Bagaimana dengan kita? Yang mungkin belum diberi kesempatan ikut turut aksi di lapangan. Tentu, cara paling sederhananya adalah menahan diri untuk tidak berkomentar. Terutama di media sosial (medsos). Menahan diri untuk tak terjebak ikut-ikutan melakukan aksi tak empatik yang hingga detik ini masih banyak dilakukan orang. Baik disadari atau tidak.Misalnya berkomentar “Makanya kalau di pesawat HP dimatiin, “Itu kalau nggak salah pilotnya kadrun ya,”

Sementara, beberapa media nasional juga memperlihatkan aksi tak empatik. Contoh memberi judul berita “Menengok Keindahan Pulau Lancang, Titik Hilangnya Pesawat Sriwijaya Air, “ Segini Gaji Plot Sriwijaya Air”. Pemberitaan yang hanya memanfaatkan peristiwa untuk dieksploitasi demi konten. Sebuah logika bisnis yang hanya mengejar keuntungan tanpa peduli dan berempati kepada korban. Ini hanya beberapa contoh saja.

Itu sebabnya, komunikasi empati perlu terus dinyalakan. Empati sendiri, seperti dipaparkan Idi Subandi Ibrahim dalam buku “Sirnanya Komunikasi Empatik” berasal dari kata Einfuhlung yang semula digunakan oleh seorang psikolog Jerman. Kata ini secara harfiah berarti “Merasa terlibat” (Feeling Into). Pentingnya empati atau “Merasa terlibat” dalam komunikasi ini biasanya seringkali dihubungkan dengan pembahasan mengenai persepsi dan kemampuan dalam mendengarkan.

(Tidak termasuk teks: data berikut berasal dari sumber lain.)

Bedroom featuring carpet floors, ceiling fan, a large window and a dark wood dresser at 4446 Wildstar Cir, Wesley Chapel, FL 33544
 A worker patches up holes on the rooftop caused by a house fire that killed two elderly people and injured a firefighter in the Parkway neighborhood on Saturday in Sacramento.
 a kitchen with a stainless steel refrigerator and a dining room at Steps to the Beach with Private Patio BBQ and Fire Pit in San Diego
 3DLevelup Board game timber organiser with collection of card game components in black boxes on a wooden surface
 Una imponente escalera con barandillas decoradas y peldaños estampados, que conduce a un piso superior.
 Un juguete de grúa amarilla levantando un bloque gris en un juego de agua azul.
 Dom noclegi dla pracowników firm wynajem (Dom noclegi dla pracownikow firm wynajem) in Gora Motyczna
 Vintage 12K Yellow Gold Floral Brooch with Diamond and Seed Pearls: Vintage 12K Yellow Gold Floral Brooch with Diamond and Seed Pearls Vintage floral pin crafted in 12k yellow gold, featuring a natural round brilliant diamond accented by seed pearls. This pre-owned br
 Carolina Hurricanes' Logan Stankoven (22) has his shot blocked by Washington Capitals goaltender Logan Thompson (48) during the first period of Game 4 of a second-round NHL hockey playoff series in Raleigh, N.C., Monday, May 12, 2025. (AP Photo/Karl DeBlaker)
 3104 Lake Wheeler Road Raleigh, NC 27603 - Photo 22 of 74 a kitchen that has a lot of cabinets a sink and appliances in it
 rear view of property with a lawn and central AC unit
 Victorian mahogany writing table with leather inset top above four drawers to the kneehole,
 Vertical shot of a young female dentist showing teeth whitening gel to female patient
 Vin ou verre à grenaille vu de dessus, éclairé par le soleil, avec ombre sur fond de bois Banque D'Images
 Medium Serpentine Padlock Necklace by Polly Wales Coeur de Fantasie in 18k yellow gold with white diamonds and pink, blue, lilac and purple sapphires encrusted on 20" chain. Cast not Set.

Terkait dengan kasus di atas, menjadi penting empati itu dihadirkan. Dengan lebih banyak mendengarkan suara korban. Baik oleh mereka yang bekerja di lingkaran industri media (cetak, online, elektronik) maupun publik yang kini dengan mudah mengelola “medianya” sendiri lewat penggunaan media sosial (Twitter, Instagram, Facebook, Youtube, Tiktok). Termasuk dalam interaksinya dengan beragam group Whatsapp (WA). Dengan hadirnya komunikasi yang empatik demikian, tak hanya sekadar bisa menyejukkan suasana. Tapi juga turut serta mengasah sisi kemanusiaan kita. Agar lebih banyak bisa mendengar “suara” sesama.

(Yons Achmad. Praktisi Komunikasi. CEO Komunikasyik.com).